A menu option for selecting either a round or rectangle duct cross-section may be provided depending on the duct fitting type, which may then dynamically set or change the prompt for a diameter or cross-section of the duct fitting. After specifying the information requested in the duct fitting menu by the prompts, the duct fitting may be added to the active construction drawing by moving a cursor or pointer to a corresponding location of the drawing via a navigation input tool such as a mouse and clicking or selecting the corresponding location on the of the drawing via the navigation input tool. Clicking or selecting the corresponding location on the of the drawing will place a UI element corresponding to the added duct fitting on the drawing at the corresponding location as well as invoke and display a Fitting Properties UI screen. The Fitting Properties UI screen displays the Fitting Properties in an editable form and includes onscreen buttons to correct or delete the added duct fitting.

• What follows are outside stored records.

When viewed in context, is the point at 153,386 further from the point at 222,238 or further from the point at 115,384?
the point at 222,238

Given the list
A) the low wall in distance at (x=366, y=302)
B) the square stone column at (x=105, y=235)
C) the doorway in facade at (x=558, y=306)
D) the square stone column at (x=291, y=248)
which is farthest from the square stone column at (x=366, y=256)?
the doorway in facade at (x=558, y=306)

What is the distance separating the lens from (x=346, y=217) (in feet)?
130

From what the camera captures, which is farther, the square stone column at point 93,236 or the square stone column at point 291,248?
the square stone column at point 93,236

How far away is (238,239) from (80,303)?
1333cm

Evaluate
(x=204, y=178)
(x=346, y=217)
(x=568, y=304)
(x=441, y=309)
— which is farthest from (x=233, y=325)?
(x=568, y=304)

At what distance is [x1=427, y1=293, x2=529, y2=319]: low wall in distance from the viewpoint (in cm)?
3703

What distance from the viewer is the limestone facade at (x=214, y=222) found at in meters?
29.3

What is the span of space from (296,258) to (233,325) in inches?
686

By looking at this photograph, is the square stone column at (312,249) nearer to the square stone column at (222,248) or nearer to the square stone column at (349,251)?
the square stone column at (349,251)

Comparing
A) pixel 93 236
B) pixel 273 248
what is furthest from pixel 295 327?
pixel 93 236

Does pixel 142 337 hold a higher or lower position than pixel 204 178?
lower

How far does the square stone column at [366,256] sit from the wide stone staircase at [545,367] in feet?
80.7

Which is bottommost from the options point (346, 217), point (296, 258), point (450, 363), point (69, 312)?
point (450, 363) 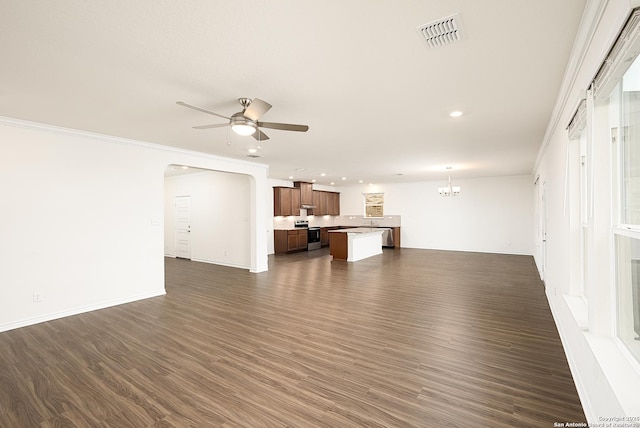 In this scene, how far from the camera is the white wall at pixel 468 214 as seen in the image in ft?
31.1

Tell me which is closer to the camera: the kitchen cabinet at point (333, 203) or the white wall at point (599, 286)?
the white wall at point (599, 286)

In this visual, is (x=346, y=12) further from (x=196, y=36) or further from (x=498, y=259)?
(x=498, y=259)

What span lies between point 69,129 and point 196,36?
343cm

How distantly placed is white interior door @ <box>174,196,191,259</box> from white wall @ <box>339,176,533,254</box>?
6966 millimetres

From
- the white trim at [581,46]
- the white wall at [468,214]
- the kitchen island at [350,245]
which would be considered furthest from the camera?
the white wall at [468,214]

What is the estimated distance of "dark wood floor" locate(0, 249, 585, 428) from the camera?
208 centimetres

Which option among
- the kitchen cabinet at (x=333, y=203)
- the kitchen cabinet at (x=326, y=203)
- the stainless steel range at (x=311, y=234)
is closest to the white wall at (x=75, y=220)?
the stainless steel range at (x=311, y=234)

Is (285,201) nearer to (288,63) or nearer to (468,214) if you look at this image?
(468,214)

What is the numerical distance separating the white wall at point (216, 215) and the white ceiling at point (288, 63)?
366 centimetres

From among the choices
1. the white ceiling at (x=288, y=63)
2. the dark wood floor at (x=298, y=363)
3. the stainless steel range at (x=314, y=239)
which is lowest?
the dark wood floor at (x=298, y=363)

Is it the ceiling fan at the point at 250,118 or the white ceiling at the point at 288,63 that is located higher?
the white ceiling at the point at 288,63

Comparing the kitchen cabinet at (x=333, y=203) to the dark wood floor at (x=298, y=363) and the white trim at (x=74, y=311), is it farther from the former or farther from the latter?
the white trim at (x=74, y=311)

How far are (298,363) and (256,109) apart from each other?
2.37 m

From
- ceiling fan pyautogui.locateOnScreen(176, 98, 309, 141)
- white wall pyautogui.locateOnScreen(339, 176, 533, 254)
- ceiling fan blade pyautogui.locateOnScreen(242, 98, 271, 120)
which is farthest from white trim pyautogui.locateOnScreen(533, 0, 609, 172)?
white wall pyautogui.locateOnScreen(339, 176, 533, 254) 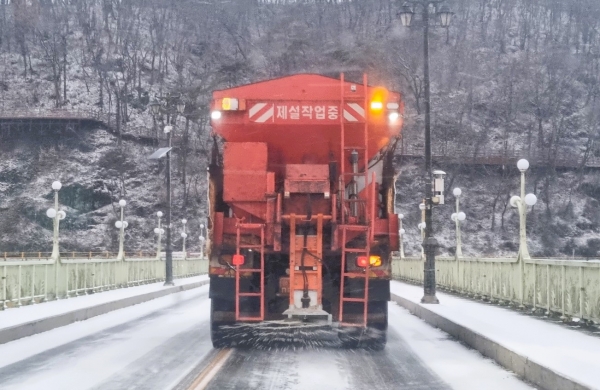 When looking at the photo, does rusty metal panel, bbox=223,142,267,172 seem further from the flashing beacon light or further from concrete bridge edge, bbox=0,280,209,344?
concrete bridge edge, bbox=0,280,209,344

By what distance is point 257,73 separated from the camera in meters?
129

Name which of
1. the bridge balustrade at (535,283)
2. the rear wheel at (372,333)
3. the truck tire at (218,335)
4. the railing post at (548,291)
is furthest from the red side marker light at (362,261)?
the railing post at (548,291)

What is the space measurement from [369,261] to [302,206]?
134cm

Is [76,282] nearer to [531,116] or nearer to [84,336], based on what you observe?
[84,336]

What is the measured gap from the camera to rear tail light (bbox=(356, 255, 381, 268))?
12.9m

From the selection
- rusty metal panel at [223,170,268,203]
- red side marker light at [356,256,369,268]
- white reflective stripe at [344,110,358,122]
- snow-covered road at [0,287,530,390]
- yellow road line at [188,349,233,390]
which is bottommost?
snow-covered road at [0,287,530,390]

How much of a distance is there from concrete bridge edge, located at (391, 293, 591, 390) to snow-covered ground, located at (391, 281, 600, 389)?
0.07 metres

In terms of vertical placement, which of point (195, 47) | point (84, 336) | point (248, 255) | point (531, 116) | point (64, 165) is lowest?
point (84, 336)

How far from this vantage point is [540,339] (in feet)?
43.0

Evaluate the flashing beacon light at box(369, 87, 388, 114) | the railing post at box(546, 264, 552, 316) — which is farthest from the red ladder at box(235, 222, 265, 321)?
the railing post at box(546, 264, 552, 316)

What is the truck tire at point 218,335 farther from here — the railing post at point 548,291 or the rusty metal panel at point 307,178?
the railing post at point 548,291

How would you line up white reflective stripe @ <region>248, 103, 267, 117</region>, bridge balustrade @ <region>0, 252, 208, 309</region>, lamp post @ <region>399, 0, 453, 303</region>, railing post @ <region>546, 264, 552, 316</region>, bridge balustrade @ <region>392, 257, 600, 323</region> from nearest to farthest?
1. white reflective stripe @ <region>248, 103, 267, 117</region>
2. bridge balustrade @ <region>392, 257, 600, 323</region>
3. railing post @ <region>546, 264, 552, 316</region>
4. bridge balustrade @ <region>0, 252, 208, 309</region>
5. lamp post @ <region>399, 0, 453, 303</region>

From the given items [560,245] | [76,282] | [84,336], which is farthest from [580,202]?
[84,336]

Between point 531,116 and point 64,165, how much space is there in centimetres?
6319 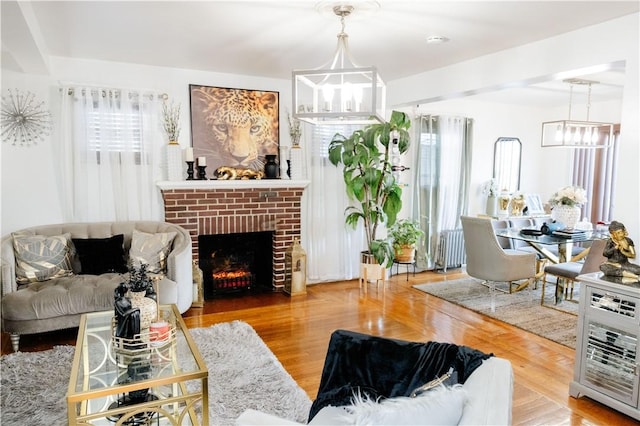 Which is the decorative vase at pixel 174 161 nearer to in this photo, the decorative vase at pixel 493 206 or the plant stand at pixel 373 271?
the plant stand at pixel 373 271

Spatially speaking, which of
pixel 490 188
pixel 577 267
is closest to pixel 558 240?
pixel 577 267

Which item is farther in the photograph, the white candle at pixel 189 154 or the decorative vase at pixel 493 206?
the decorative vase at pixel 493 206

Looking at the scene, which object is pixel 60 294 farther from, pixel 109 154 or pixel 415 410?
pixel 415 410

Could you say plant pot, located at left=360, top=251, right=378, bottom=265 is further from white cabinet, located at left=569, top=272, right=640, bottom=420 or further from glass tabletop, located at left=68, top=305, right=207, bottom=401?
glass tabletop, located at left=68, top=305, right=207, bottom=401

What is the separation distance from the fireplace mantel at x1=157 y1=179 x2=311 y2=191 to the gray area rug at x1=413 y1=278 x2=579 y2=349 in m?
2.02

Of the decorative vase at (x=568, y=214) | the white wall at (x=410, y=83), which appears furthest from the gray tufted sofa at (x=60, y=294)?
the decorative vase at (x=568, y=214)

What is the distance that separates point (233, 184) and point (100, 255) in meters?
1.50

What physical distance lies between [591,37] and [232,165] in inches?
139

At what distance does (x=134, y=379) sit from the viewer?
6.51 ft

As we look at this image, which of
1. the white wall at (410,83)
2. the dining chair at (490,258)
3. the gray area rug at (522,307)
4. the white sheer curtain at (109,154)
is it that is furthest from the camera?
the dining chair at (490,258)

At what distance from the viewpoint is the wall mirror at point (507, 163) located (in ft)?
22.6

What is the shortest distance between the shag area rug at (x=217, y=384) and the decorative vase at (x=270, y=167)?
80.2 inches

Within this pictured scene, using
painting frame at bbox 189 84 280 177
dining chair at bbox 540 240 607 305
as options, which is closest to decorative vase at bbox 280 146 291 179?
painting frame at bbox 189 84 280 177

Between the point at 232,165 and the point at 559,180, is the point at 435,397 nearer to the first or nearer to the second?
the point at 232,165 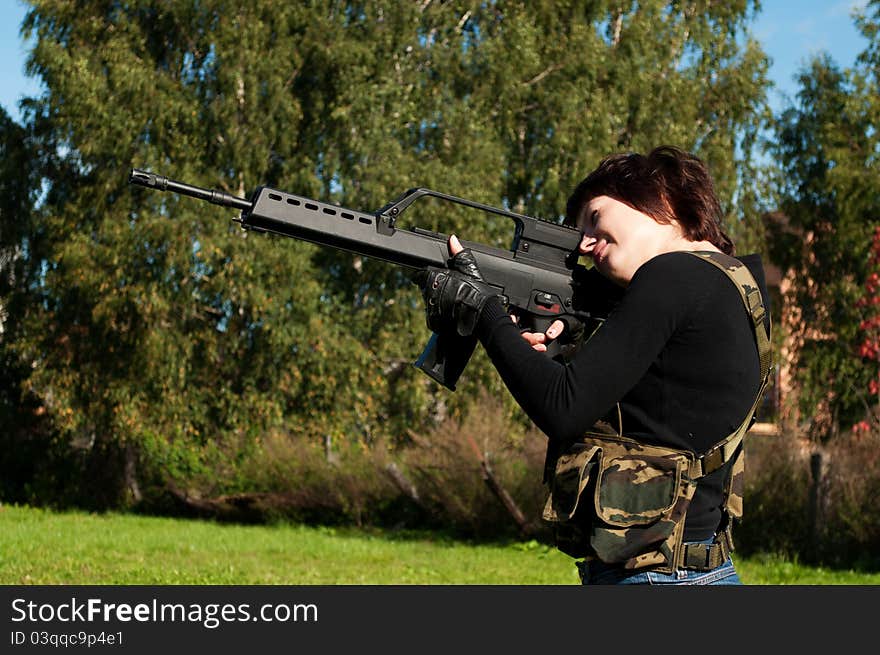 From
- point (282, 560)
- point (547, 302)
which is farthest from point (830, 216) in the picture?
point (547, 302)

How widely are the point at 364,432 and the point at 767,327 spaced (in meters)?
17.5

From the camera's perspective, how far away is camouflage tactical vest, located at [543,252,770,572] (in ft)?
7.91

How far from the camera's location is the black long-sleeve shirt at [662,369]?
2.28 metres

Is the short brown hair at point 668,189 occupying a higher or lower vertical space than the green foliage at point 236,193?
lower

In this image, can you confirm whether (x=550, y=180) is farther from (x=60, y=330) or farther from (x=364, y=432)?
(x=60, y=330)

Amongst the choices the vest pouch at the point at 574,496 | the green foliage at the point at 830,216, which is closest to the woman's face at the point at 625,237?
the vest pouch at the point at 574,496

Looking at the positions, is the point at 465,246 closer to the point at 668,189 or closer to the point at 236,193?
the point at 668,189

After specifying the information requested in the pipe fitting menu by the prompts, the pipe fitting may be added to the active construction drawing by moving a cursor or pointer to a corresponding location of the drawing via a navigation input tool such as a mouse and clicking or selecting the corresponding location on the of the drawing via the navigation input tool. Clicking or selecting the corresponding location on the of the drawing will place a UI element corresponding to the added pipe fitting on the drawing at the corresponding location as well as invoke and display a Fitting Properties UI screen. The Fitting Properties UI screen displays the Fitting Properties in an editable form and includes onscreen buttons to correct or delete the added pipe fitting.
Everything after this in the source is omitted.